There's a new tube map because some stations have reopened. The London Overground reopened in February between Gospel Oak and Barking, after having been closed for several months, and is now shown as open again. Also Lambeth North station reopened in February, after having been closed since July, and is now shown as open again. This is important stuff for passengers to know.
There's also a new tube map because of changes to step-free access. Tottenham Court Road gained full step-free access in February, and is now shown on the map with a white wheelchair blob rather than an empty circle. This means there are now two stations inside the the loop of the Circle line which have step-free access, the other being Green Park, and this is damned excellent news.
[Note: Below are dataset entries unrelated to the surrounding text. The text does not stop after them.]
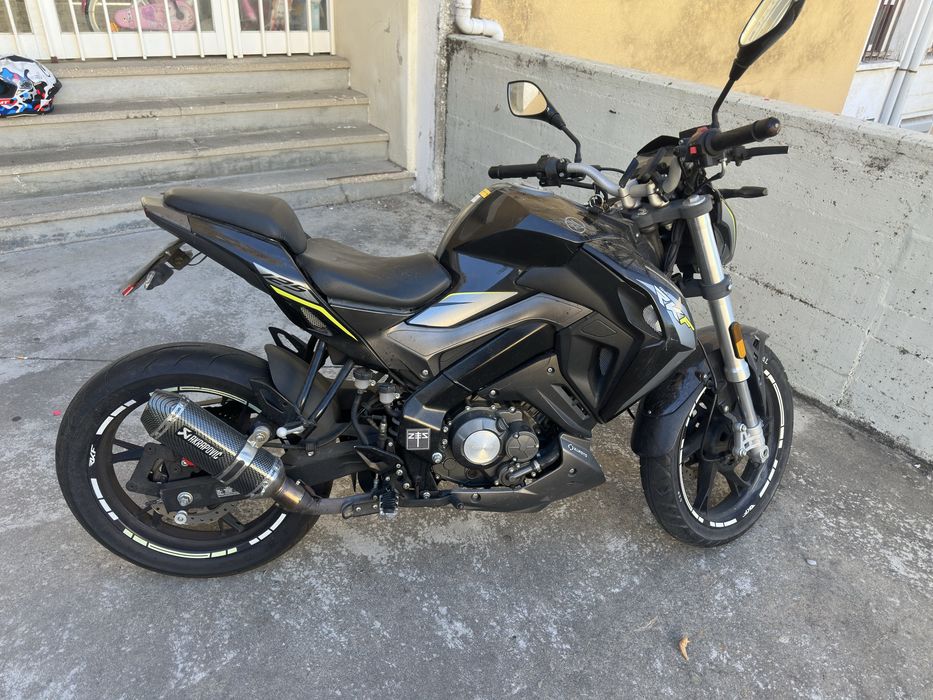 Vendo ou troco Keeway RKF 125 com alguns extras por algo do meu interesse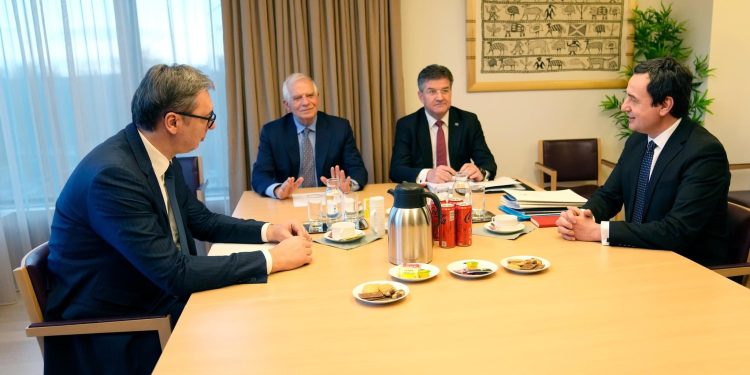 Evropski sporazum prihvatili Kosovo i Srbija, Vučić čeka da prođu izbori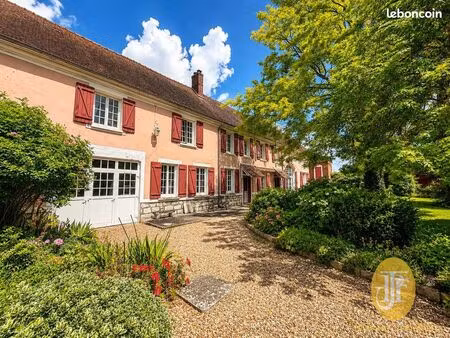 maison 7 pièces 207 m²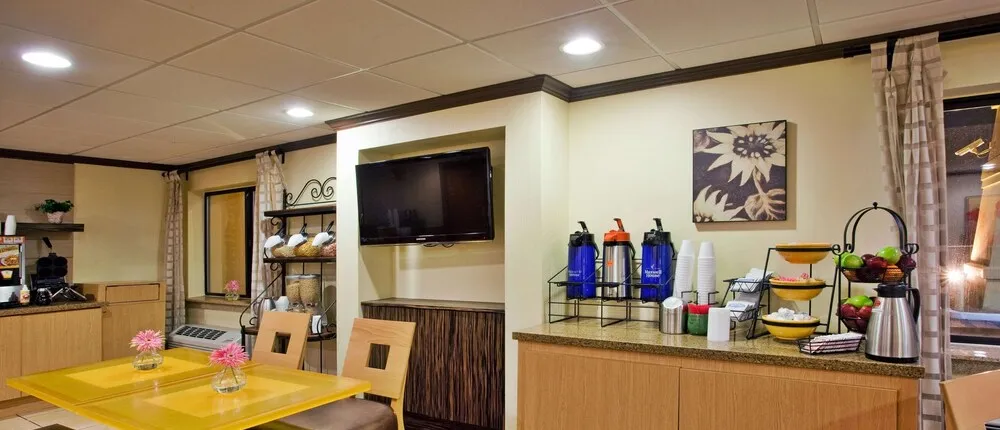 La Quinta Inn & Suites Savannah Southside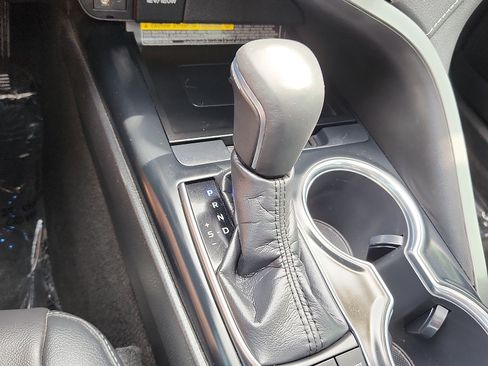 Used 2019 Toyota Camry XSE w/ Navigation Package FWD image 15
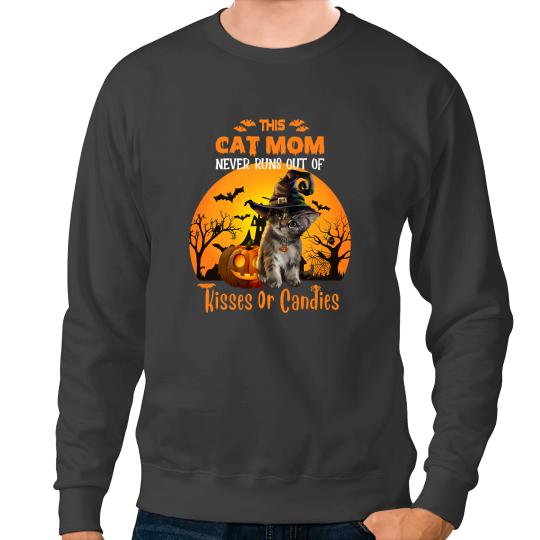 Cat Paws This Cat Mom Never Runs Out Of Kisses Or Candies Halloween 43 Sweatshirts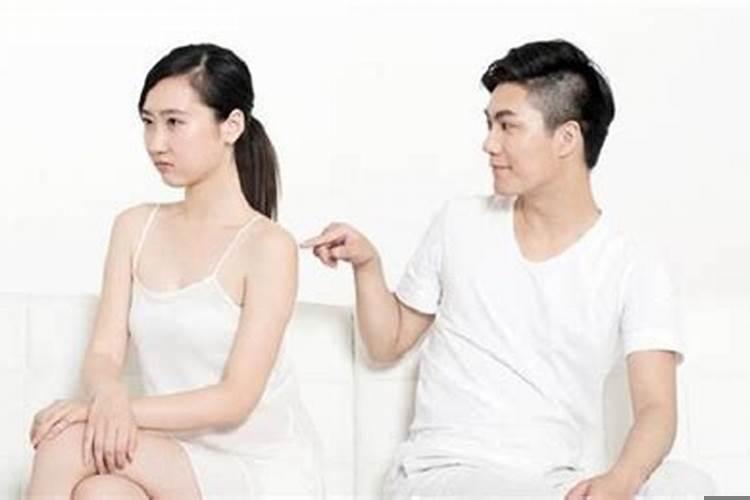 女朋友生气时该怎么哄她开心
Another significant change to step-free access is connected to the withdrawal of the old D-Stock trains from the District line. After the very last D-Stock runs in passenger service on Friday (which you can read more about here and also here), every train on the District line will be properly accessible. A consequence of this is that nine stations which used to have white blobs (step-free from street to platform) have been upgraded to blue blobs (step-free from street to train). The newly blue-blobbed stations are Southfields, Earl's Court, Blackfriars, West Ham, East Ham, Barking, Dagenham Heathway and Elm Park and Upminster. Not all the white blobs have become blue blobs, however, so for example Westminster and Upney haven't changed, and Tower Hill has gone backwards from blue to white, which is strange.
Basically it's all good news. But if you pick up a tube map in a tube station you won't be seeing any of this good news for a while, because TfL only reprint the tube map twice a year, and we're a couple of months off the next one yet. Instead the secret information about reopened stations and step-free access hides on a pdf on the TfL website, which is a heck of a lot cheaper to update, and a lot less obvious to spot.